Our culture is rife with the carnage of relationships and reputations that faced, head-on, what sinners can do to one another. What best explains our contemporary moment? What framework helps clarify the confusion around manhood and womanhood? The events in Genesis 3 show that manhood and womanhood has gone into exile, and recovering them is an urgent and ongoing task of Christians. The surrounding culture needs to see churches and families cherishing biblical complementarianism.

Sinful behavior from men or women is not rooted in biblical complementarity but is a distortion of it. Biblical complementarity dignifies God’s image bearers. To dishonor men or women or children is to dishonor to God. Biblical complementarity is associated with sacrificial love, humble service. It calls men to nurture and to care, to protect and to honor. Biblical manhood and womanhood must prioritize words and actions that dignify—not demean—others.

What sinful men and women need is to affirm and embrace the good design of God at creation. Defining manhood and womanhood has not been left up to us. When we ignore the wisdom of God and go our own way, we walk around in exile with the forbidden fruit still in our hands. The abandonment of God’s design is oppressive, not freeing.
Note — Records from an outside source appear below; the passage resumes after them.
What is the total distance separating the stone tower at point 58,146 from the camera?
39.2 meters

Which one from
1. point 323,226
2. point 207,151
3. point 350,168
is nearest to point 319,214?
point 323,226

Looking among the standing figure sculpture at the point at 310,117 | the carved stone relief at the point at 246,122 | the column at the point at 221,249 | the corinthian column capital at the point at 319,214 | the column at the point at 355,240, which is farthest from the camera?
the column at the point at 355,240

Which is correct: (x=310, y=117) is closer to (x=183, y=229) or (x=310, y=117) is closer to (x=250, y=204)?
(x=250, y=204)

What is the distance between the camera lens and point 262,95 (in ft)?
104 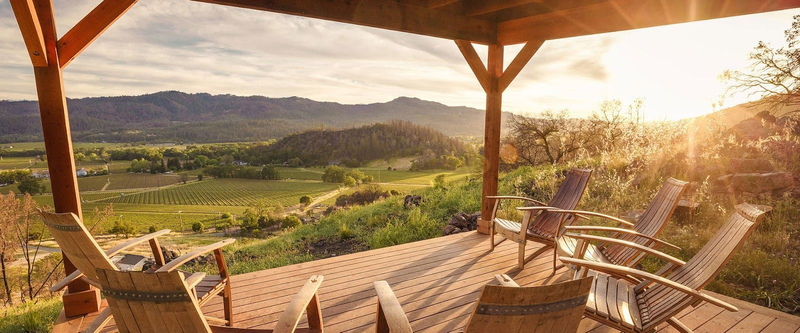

Contrary to the ancient world of the biblical authors, the biblical worldview upholds the dignity and value of women.[5] In fact, we will enable the maximum flourishing of both sexes when we trust that God’s ways are good and wise.


A complementarian vision of relationships will help men and women flourish in exile. Manhood and womanhood cannot be pursued and understood, however, without confronting the challenges that exist.

Some of these challenges go back to Genesis 3 itself. But the same chapter that shows us the root of our challenges also shines the light of hope. A seed of the woman will come to achieve victory over the serpent (Gen. 3:15). Through the pain of childbearing and in the fullness of time, the Lord Jesus was born. In Christ, we press on toward our certain future—men and women who are restored and resurrected that we might glorify God and enjoy him forever.

[1] See Andrew E. Steinmann, Genesis, Tyndale Old Testament Commentaries, vol. 1 (Downers Grove: InterVarsity Press, 2019), 71.

[2] The Hebrew word תְּשׁוּקָה appears only three times in the Old Testament (Gen. 3:16; 4:7; Song 7:11). When the word occurs in Song of Songs 7:10, it is the reverse of Genesis 3:16: the husband’s desire is for the wife, and the context in Song of Songs 7:10 is loving and intimate. In Song of Songs 7:10, the curse is reversed.

[3] Bruce K. Waltke, Genesis: A Commentary (Grand Rapids: Zondervan 2001), 94.

[4] Ibid. For a different interpretation of “ruling,” see C. John Collins, Genesis 1–4: A Linguistic, Literary, and Theological Commentary (Phillipsburg: P&R, 2006), 159–60.

[5] See Rebecca McLaughlin, Confronting Christianity: 12 Hard Questions for the World’s Largest Religion (Wheaton: Crossway, 2019), 131–52.

Mitchell Chase

Mitchell L. Chase (PhD, The Southern Baptist Theological Seminary) is the senior pastor of Kosmosdale Baptist Church in Louisville, Kentucky. He is an adjunct professor at Boyce College and the author of several books.